* [TASK STATEMENT]: Restate word for word the lines of the records below, starting at the line that contains "Miniatura 2 de" and ending at the line that contains "Coque Portefeuille Incipio", with both of those lines included and nothing else.
━━ EXERCISE INPUTS ━━
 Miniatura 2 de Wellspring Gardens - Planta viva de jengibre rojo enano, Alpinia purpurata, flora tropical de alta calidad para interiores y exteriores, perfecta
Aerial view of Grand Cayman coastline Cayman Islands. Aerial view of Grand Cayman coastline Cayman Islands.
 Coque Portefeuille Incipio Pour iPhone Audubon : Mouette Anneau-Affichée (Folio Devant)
━━━
━━ EXERCISE INPUTS ━━
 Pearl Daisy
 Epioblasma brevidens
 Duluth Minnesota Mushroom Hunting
━━━
* [ANSWER SECTION]:
 Miniatura 2 de Wellspring Gardens - Planta viva de jengibre rojo enano, Alpinia purpurata, flora tropical de alta calidad para interiores y exteriores, perfecta
Aerial view of Grand Cayman coastline Cayman Islands. Aerial view of Grand Cayman coastline Cayman Islands.
 Coque Portefeuille Incipio Pour iPhone Audubon : Mouette Anneau-Affichée (Folio Devant)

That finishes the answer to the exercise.